Historically, the algorithm has a messy lineage: Werbos describes it in the 1970s, and Rumelhart, Hinton, and Williams popularize it in the 1980s. Backprop enables early successes like LeNet for handwritten digit recognition, but progress stalls for a while because computers are too slow and other methods (like SVMs) are easier to use. Once GPUs and massive datasets arrive, backprop-trained deep networks (e.g., AlexNet in 2012) suddenly dominate, and the earlier “neural nets are dead” narrative looks pretty silly in hindsight.
Key Takeaways (Chapters 9–10)
- Expressivity vs. Efficiency
- Cybenko’s Universal Approximation Theorem says a single-hidden-layer network with sigmoids is theoretically universal, but it says nothing about how many neurons you need or how long training takes.
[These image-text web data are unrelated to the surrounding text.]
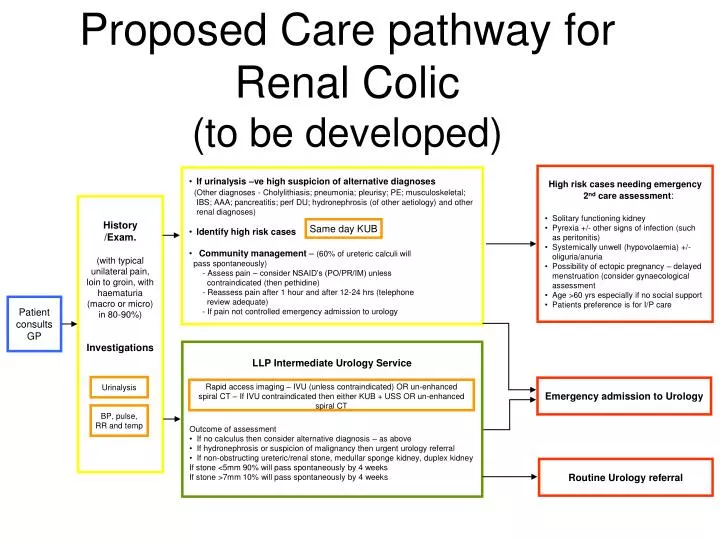 proposed care pathway for renal colic to be developed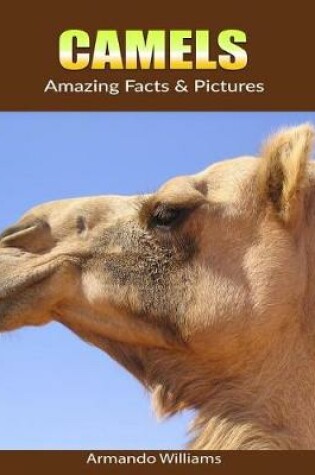 Cover of Camels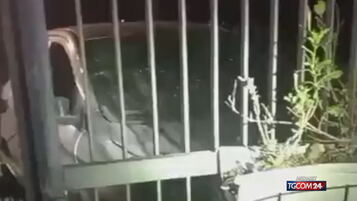 Pomezia, bomba distrugge le auto di Sigfrido Ranucci e della figlia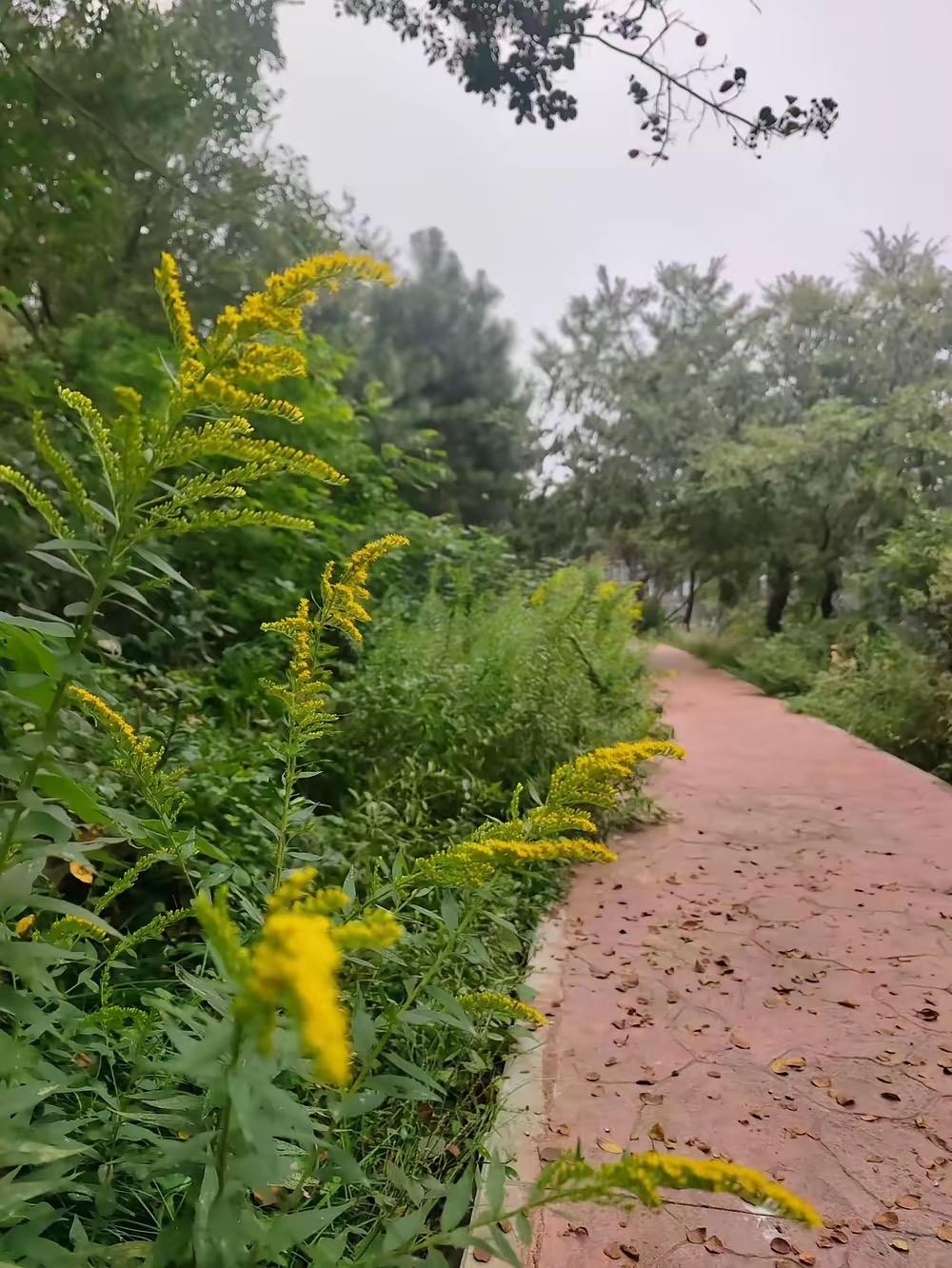 我有个闺蜜42了，现在税务局上班，人长得不错，身材也不差，一直未婚，没有交过男朋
Existence ≠ practicality.
- Functions as High-Dimensional Objects
- Thinking of functions as vectors in large or infinite-dimensional spaces makes neural networks feel a lot like basis expansions: sigmoids (or other activations) are building blocks, and the network finds coefficients to approximate a target function.
- Depth Is About Structure, Not Just Power
- Even if a huge shallow network can approximate any function, deep architectures encode useful compositional structure (features built on top of features), often with far fewer parameters. The math of approximation doesn’t automatically tell you the best architecture.
- Backprop Is Just the Chain Rule at Scale
- Conceptually, backprop is not mystical—it’s just a systematic way to apply the multivariable chain rule through a computation graph. If you’re comfortable with calculus, you’re already most of the way there.
- Training Is as Important as Theory
- Universal approximation is nice, but useless without an algorithm to actually find good parameters. Backprop is the bridge between “this network can represent the function” and “this network actually learns the function from data.”
- History Is Messy and Nonlinear (Just Like the Models)
- Neural networks didn’t die because of one book or one theorem. Progress depended on a mix of theoretical insights, empirical results, hardware advances, and cultural trends in the research community.
- For Math-Oriented Readers
- These chapters are a reminder that core deep learning ideas rest on very familiar math: linear algebra, analysis of function spaces, and gradient-based optimization. The fancy stuff sits on top of tools you probably already know from undergrad math.